I’d probably recommend (2) in the short-term to try out Ray Datasets’ parallel I/O and downstream operations, and look at adding a TFRecordDatasource down the road. We’d love to see the latter happen and could definitely help shepherd the implementation!

@Clark_Zinzow FYI, I found your great answer somewhere and we have another user asking for this :slight_smile:

1 Like

Thanks @jianxiao @xwjiang2010 for your answers and ideas!

We can’t use #1 from the list of options, our dataset size is large >100GB.

I try to better understand how to implement #2. For example, I’ve created 2 parse functions to map to bytes data.
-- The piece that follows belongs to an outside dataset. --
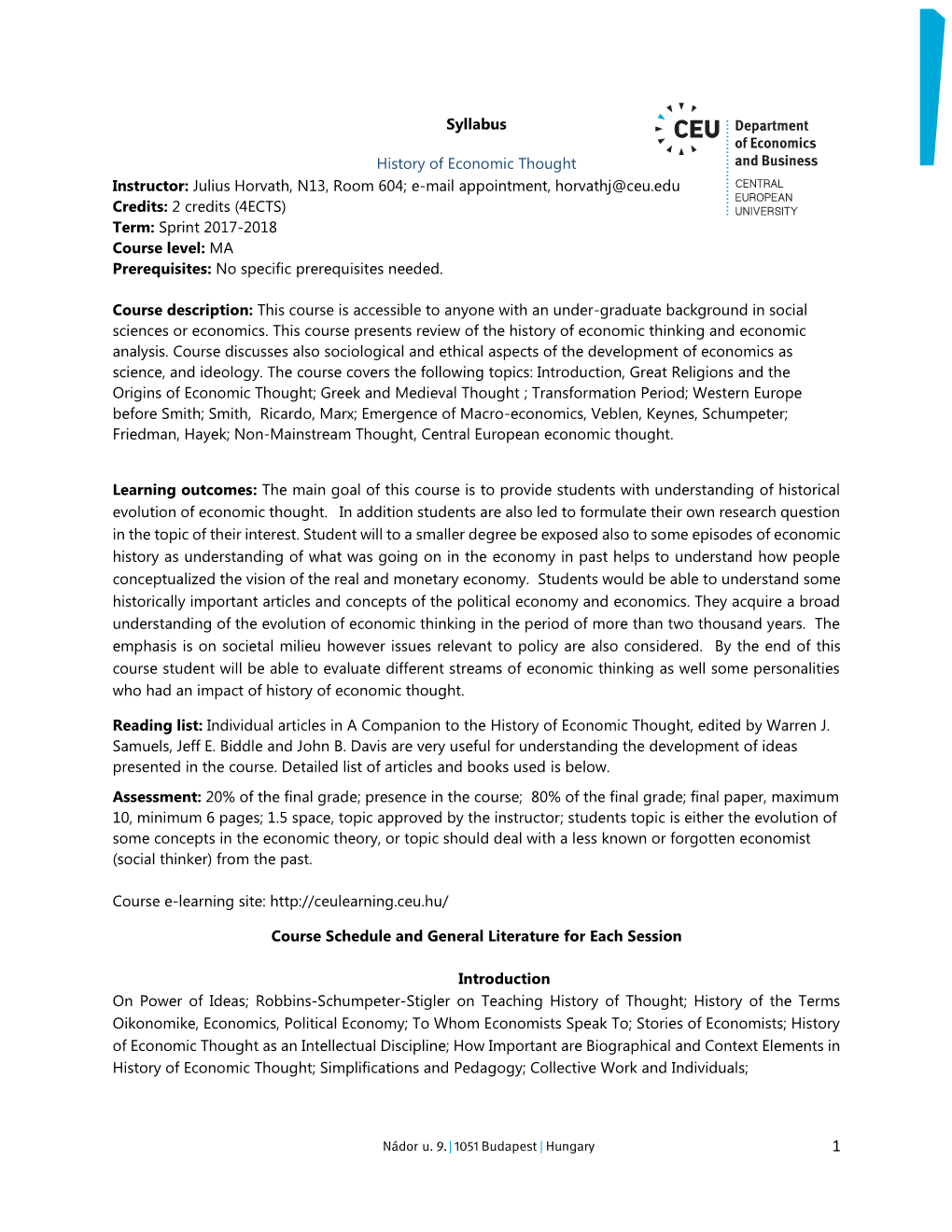 Syllabus History of Economic Thought Instructor: Julius Horvath, N13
But TF doesn’t allow my to directly parse bytes, so I see errors in both cases. It feels like I need to write a low level decoder from bytes to Tensors?

features = {
  'foo': tf.io.FixedLenFeature([], tf.string),
  'bar': tf.io.FixedLenFeature([], tf.float32)
}

def parse_single(serialized_input):
  return tf.io.parse_single_example(serialized=serialized_input, features=features)

def parse_sequence(serialized_input):
    ctx, seq = tf.io.parse_sequence_example(serialized=serialized_input, context_features=features)
    print(f'>>> {ctx}, {seq}\n')
    return serialized_input

bin_dataset = ray.data.read_binary_files(filenames)
dataset = bin_dataset.map(parse_single)
# dataset = bin_dataset.map(parse_sequence)

@bveeramani @jianxiao Can you provide some pointers?